Work instruction :: Leaving out the pictures, return word for word the stretch of entries below from the line holding "Domowe kluski ziemniaczane" through the line holding "Photo of property".

Source material ::
────────────────────────────────────────

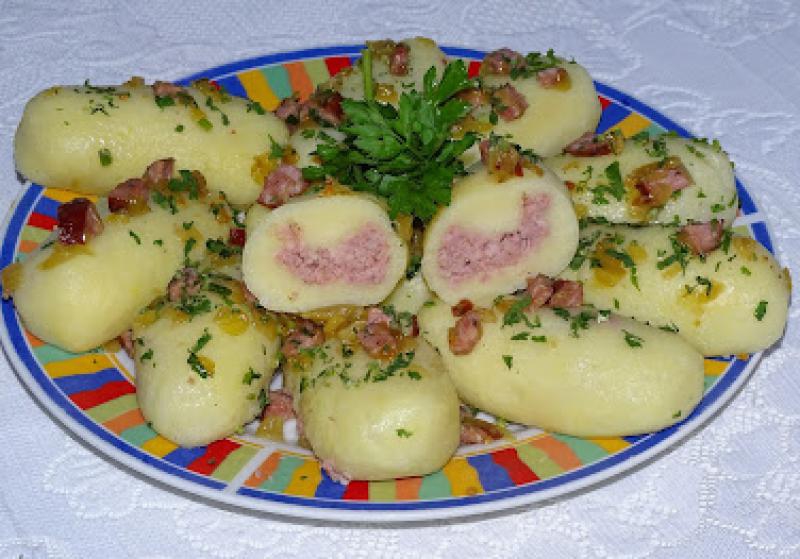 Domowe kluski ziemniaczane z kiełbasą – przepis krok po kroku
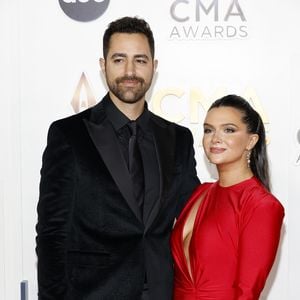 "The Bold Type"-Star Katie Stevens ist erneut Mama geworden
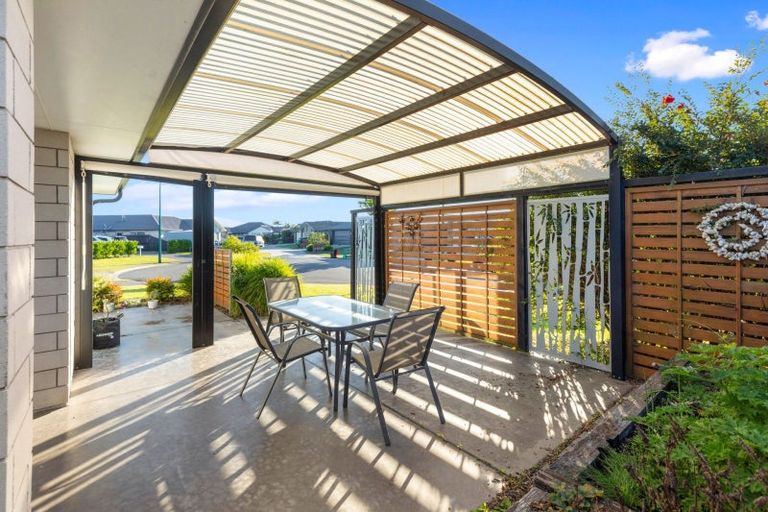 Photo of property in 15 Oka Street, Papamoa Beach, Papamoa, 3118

────────────────────────────────────────

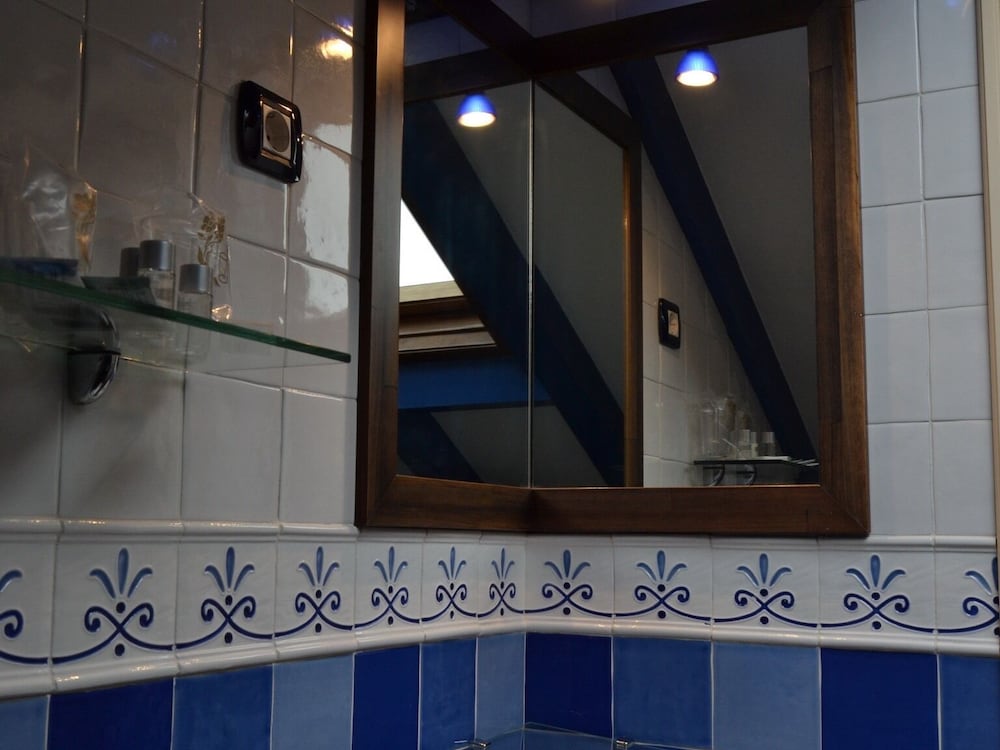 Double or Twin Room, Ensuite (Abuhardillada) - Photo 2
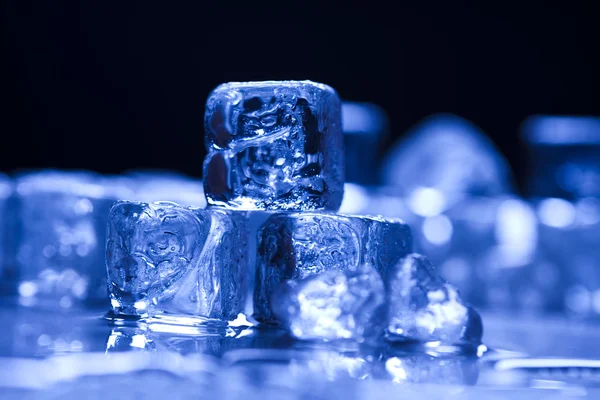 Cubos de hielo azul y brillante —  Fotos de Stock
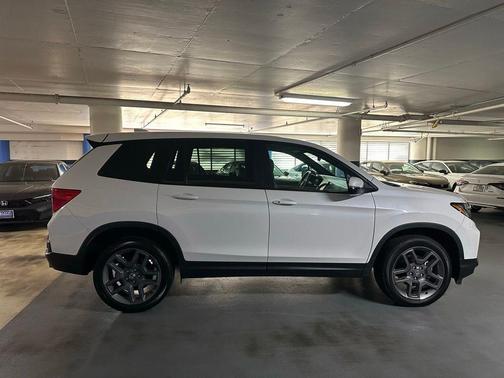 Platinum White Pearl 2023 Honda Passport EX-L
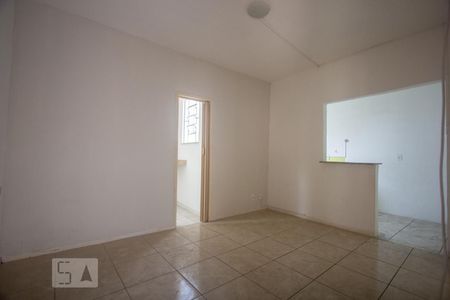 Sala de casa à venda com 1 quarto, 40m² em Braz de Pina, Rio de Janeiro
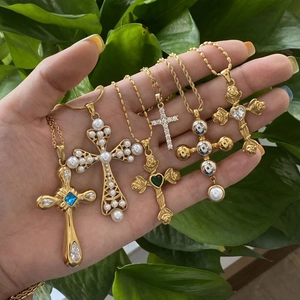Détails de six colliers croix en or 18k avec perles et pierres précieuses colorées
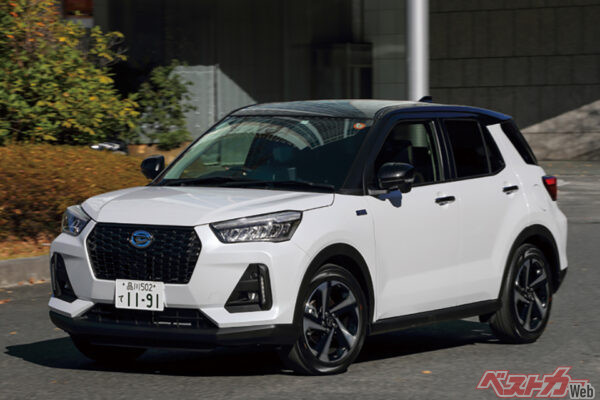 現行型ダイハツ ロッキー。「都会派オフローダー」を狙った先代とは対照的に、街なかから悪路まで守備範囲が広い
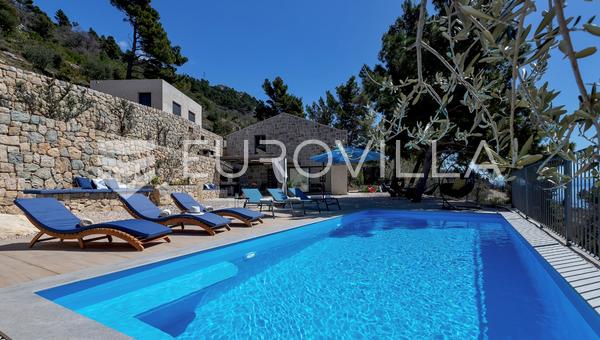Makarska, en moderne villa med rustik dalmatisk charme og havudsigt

────────────────────────────────────────

Your solution ::
 Domowe kluski ziemniaczane z kiełbasą – przepis krok po kroku
 "The Bold Type"-Star Katie Stevens ist erneut Mama geworden
 Photo of property in 15 Oka Street, Papamoa Beach, Papamoa, 3118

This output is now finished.